Em De Religione et Ecclesia (1905), o eminente Cardeal Mazzella, que ocupou a cátedra de teologia na Gregoriana durante o Pontificado de Leão XIII, diz que toda a Tradição confirma que existe um duplo sujeito do poder supremo: “Se compararmos  todos os testemunhos das Escrituras e da tradição , encontramos, por assim dizer, um duplo sujeito inadequadamente distinto de poder supremo (supremæ potestatis); isto é, somente Pedro - 'tudo o que  ligares  ' etc. 16:19] e o corpo dos Apóstolos com Pedro - 'tudo o que  ligardes  ' etc. 18:18].” (Mazzella De Religione et Ecclesia, 1905).

Cardeal Billot

De Ecclesia Christi, vol. I, Tese XXVII: “Para enfatizar a unidade pela qual rezou pelos apóstolos na Última Ceia, quando disse:  “Para que, como somos um, eles sejam um em nós, para que sejam perfeitos em um”, Cristo organizou o colégio apostólico como uma instituição estável e perpétua, unida ao Príncipe Pedro, para participar do poder supremo. Consequentemente, a monarquia da Igreja é uma monarquia de sua própria espécie (sui generis), que, embora retenha sem limitação o caráter pleno de uma monarquia em todos os aspectos, ainda tem um regime de bispos individuais unidos a ela (coniunctum), de modo que a única autoridade suprema indivisível pode ser exercida pelo corpo de bispos unidos ao seu chefe. A verdade desta afirmação fica clara em Mateus 28-20, João 20-21, e ainda mais claramente em Mateus 18-18, onde Cristo, ao dirigir-se a toda a comunidade dos apóstolos, disse: “'Em verdade vos digo , tudo o que você ligar na terra será ligado no céu, e tudo o que você desligar na terra será desligado no céu.” Estas palavras, anteriormente ditas apenas a Pedro, implicam o exercício da plenitude do poder, como foi explicado acima, Tes. 25 § 1. Portanto, assim como em Pedro (uma matéria) havia a plenitude da autoridade eclesiástica, assim também o é em todo o colégio (segunda matéria), considerado colegialmente.” (Billot, De  Ecclesia Christi,  Vol. 1, 1909).

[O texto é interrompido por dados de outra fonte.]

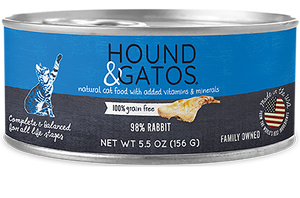 Hound & Gatos Canned Cat Food 5.5oz Rabbit - Paw Naturals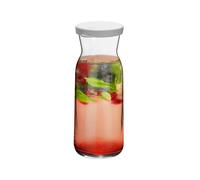 Argon Tableware Brocca Glass Carafe With Silicone Lid - 700Ml, Clear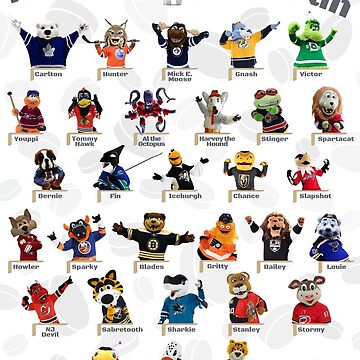 Kids hunt NHL mascots during All-Star Game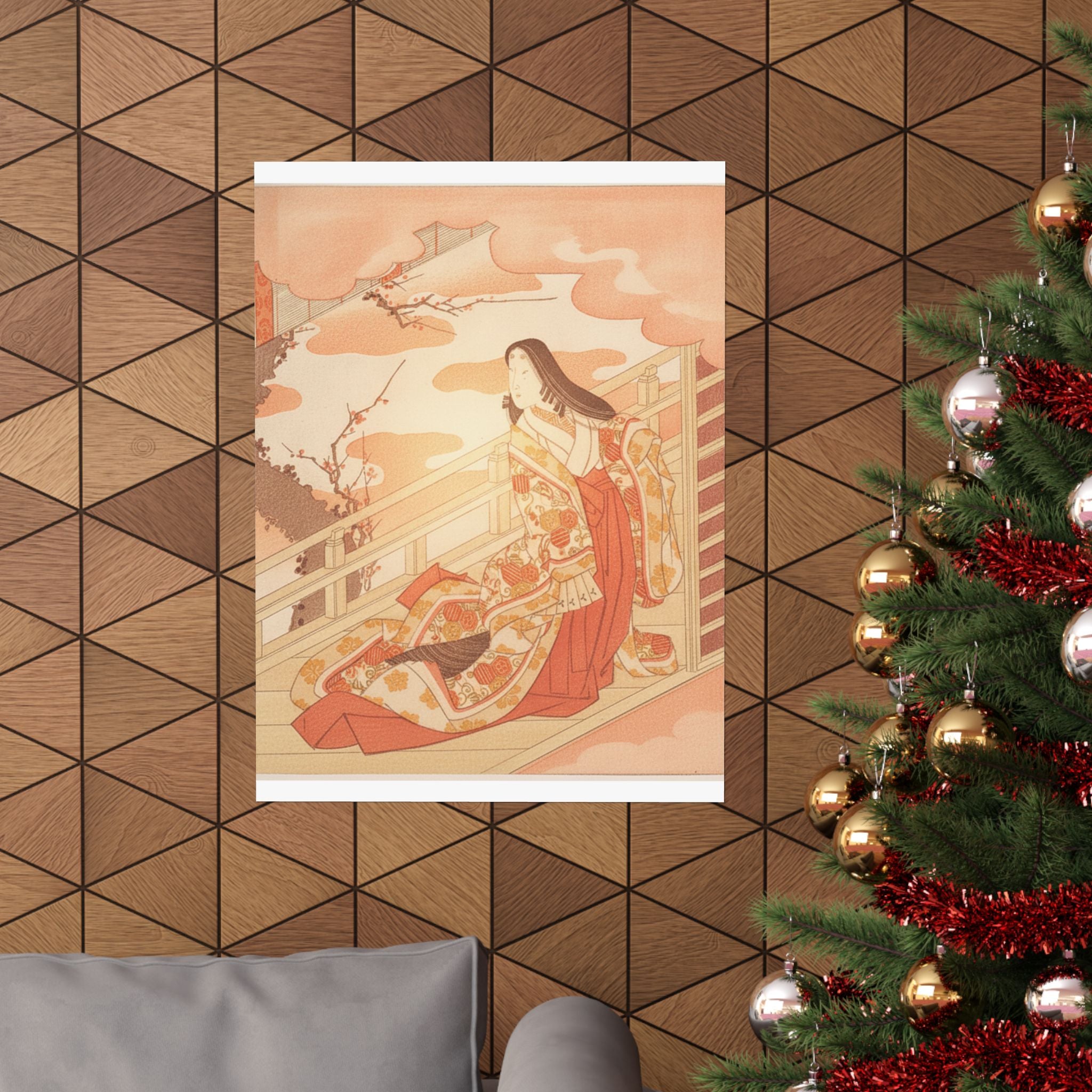 Southern Sunset — Court Lady Praising The Plum Blossom — Matte Poster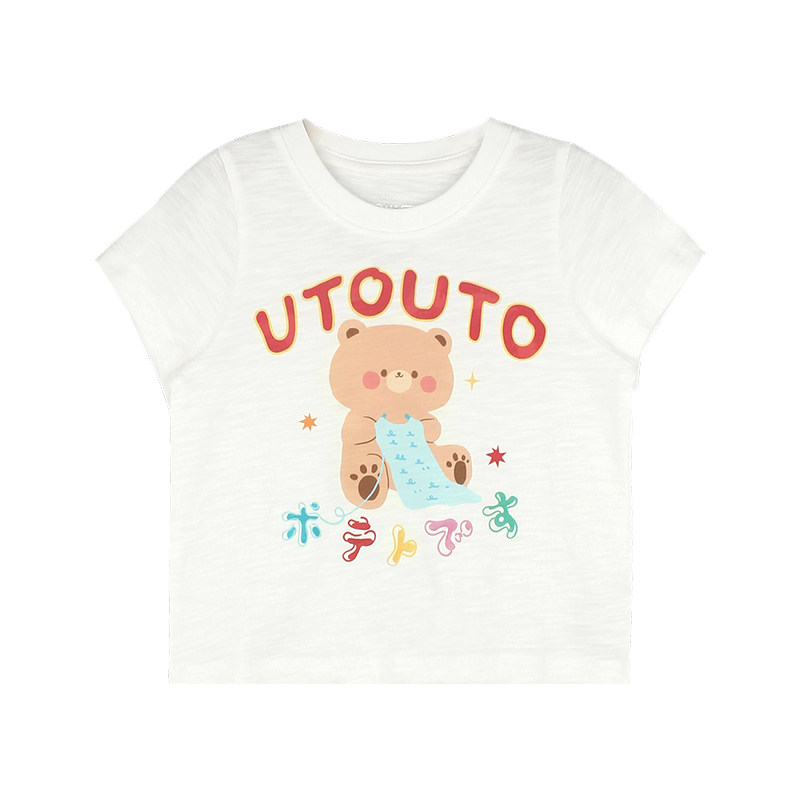 大耳象女童卡通印花T恤夏季新款儿童纯棉休闲短袖上衣,淘宝优惠券,粉丝福利购,淘宝优惠卷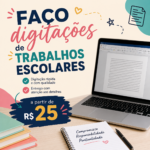 Eu vou fazer seu trabalho de digitação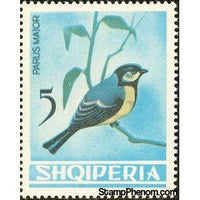 Albania 1964 Great Tit (Parus major)-Stamps-Albania-StampPhenom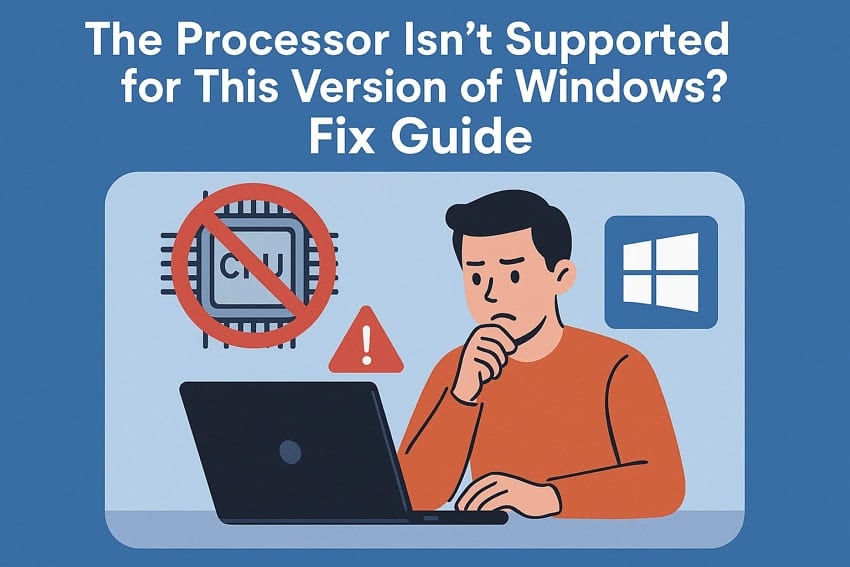 The Processor Isn't Supported for This Version of Windows? Fix Guide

Ora, não é necessário demonstrar que a instituição que começou com o colégio apostólico deve ser perpetuada no episcopado até ao fim. E, claro, todas as citações que vimos dos Evangelhos testificam que este é, sem dúvida, o estado perene e perpétuo da Igreja. Além disso, não há nada mais explícito na fé católica desde o início do que o dogma da autoridade suprema (suprema auctoritate) de todo o episcopado, quer esteja unido num concílio ecuménico ou disperso pelo mundo. É a respeito desta autoridade colegial de todos os bispos, juntamente com Pedro, seu chefe, que o ensinamento de São Cipriano (De Unit. Eccl. n. 5) é corretamente compreendido: 'O episcopado é um, do qual cada um tem uma participação. Sólido'. " Billot, Tractus De Ecclesia, Tese XXVII” (Billot, De Ecclesia 1, Tese XXVII).

    Mesmo o esquema original do Vaticano II – aquele preparado pela Comissão Preparatória Central da qual participou Dom Lefebvre – ensina que “o colégio dos bispos”, juntamente com o Papa,  é  “sujeito do poder pleno e supremo sobre toda a Igreja”. .” (Vaticano II, Projeto de Constituição Dogmática sobre aIgreja, nº 16.). Tudo o que a FSSPX objeta em relação ao ensinamento da Lumen Gentium sobre a colegialidade é ensinado no esquema original sobre a Igreja, que o Arcebispo Lefebvre elogiou como sendo "absolutamente ortodoxo". (Carta Aberta aos Católicos Perplexos, capítulo 14).